Halloween is officially canceled. Well, at least it is at Boyden Elementary School in Walpole, Massachusetts. Administrators are calling Halloween “black and orange” spirit day because the school is concerned the holiday isn’t “inclusive” enough for its students.
According to a letter sent out to parents, Boyden Elementary School administrators are concerned that the school’s Halloween costume parade doesn’t necessarily honor students’ “differences” but didn’t explicitly explain what those differences are. The elementary school’s principal did point out, though, that the parade can also break from ordinary routine. Instead, students can join an after-school Halloween party on Oct. 20.
“The costume parade is out of our ordinary routine and can be difficult for many students,” Principal Brendan Dearborn wrote to parents, CBS News reports. “Also, the parade is not inclusive of all the students and it is our goal each and every day to ensure all student’s [sic] individual differences are respected.”

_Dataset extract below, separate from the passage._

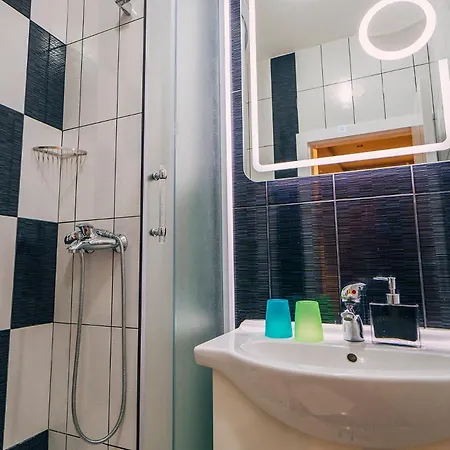 Center With Free Private Parking * Baška Voda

But parents aren’t necessarily happy with the decision. Many think the school is falling for “political correctness,” inadvertently punishing the school’s students by canceling the school-day celebration. However, there are multiple layers of irony in this entire debacle: “Political correctness” is an allegation the far-right likes to throw at liberals when they want a pass at doing or saying something offensive, but what is being implied by this Halloween ban is that people of conservative Christian values might not want to participate because it’s a so-called “pagan” holiday. But also, Halloween isn’t technically a pagan holiday—it was developed in conjunction with the medieval holy days All Souls and All Saints, according to historian Nicholas Rogers. Anyhoo, people across the aisle aren’t feeling the ban.
“Put a costume on,” one local resident told CBS. “Parade down the street. Let them have their little time. Why do you have to turn it into something political?”

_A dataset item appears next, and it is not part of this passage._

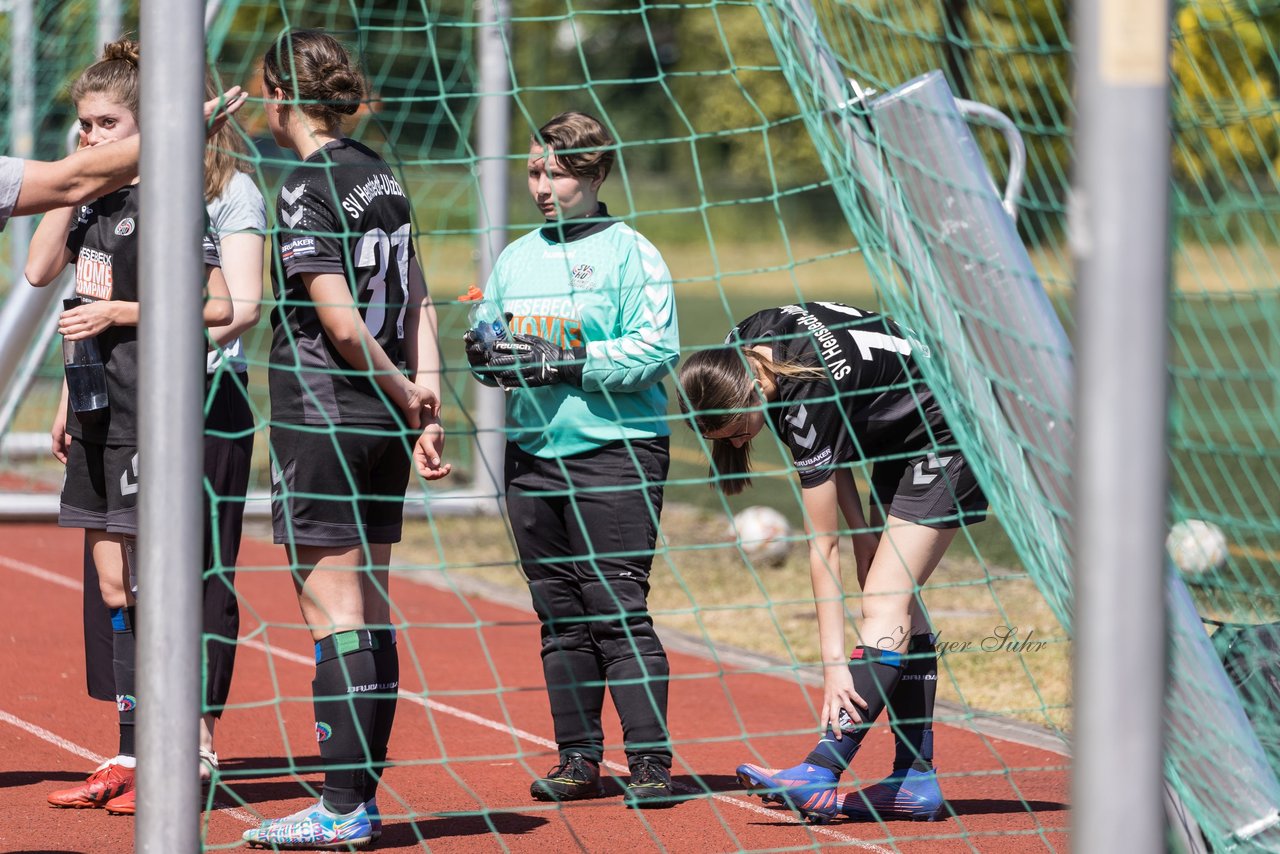 Bild 108 - wBJ SV Henstedt Ulzburg - TuS Rotenhof : Ergebnis: 12:0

“I think it’s a lot of political correctness,” another said. “I think it’s a shame because Halloween is the funnest day of the year—next to Christmas—for children.”
Others didn’t understand why the school suddenly cared about inclusivity on this particular holiday. “We have numerous events not all-inclusive, so if you cancel one event you have to cancel them all,” parent Julie Lowre told local news station WFXT.

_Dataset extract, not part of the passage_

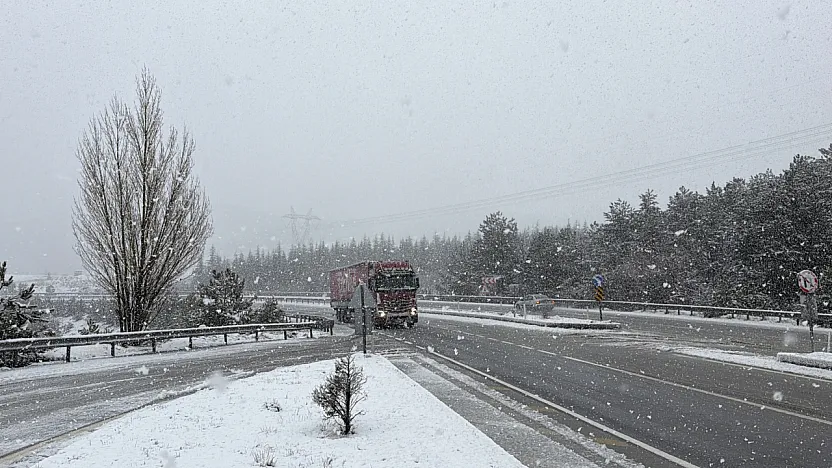 Afyon'da Merkezde Yağmur, Zirvede Kar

Apparently, Boyden Elementary School isn’t the only school that has canceled Halloween this year. Armijo Elementary in Albuquerque, New Mexico, ended its Halloween celebrations out of academic concerns and said students “are not allowed to wear costumes” to school on the 31st. And Mitchell Elementary School in Needham, Massachusetts, permanently squashed their Halloween plans because “not all families celebrate” the holiday.
“I would agree that this represents a change, but I believe that in the long-term any change towards including all children is a positive change that will benefit our students and our community,” Mitchell Elementary School principal Gregory Bayse told parents, MassLive reports.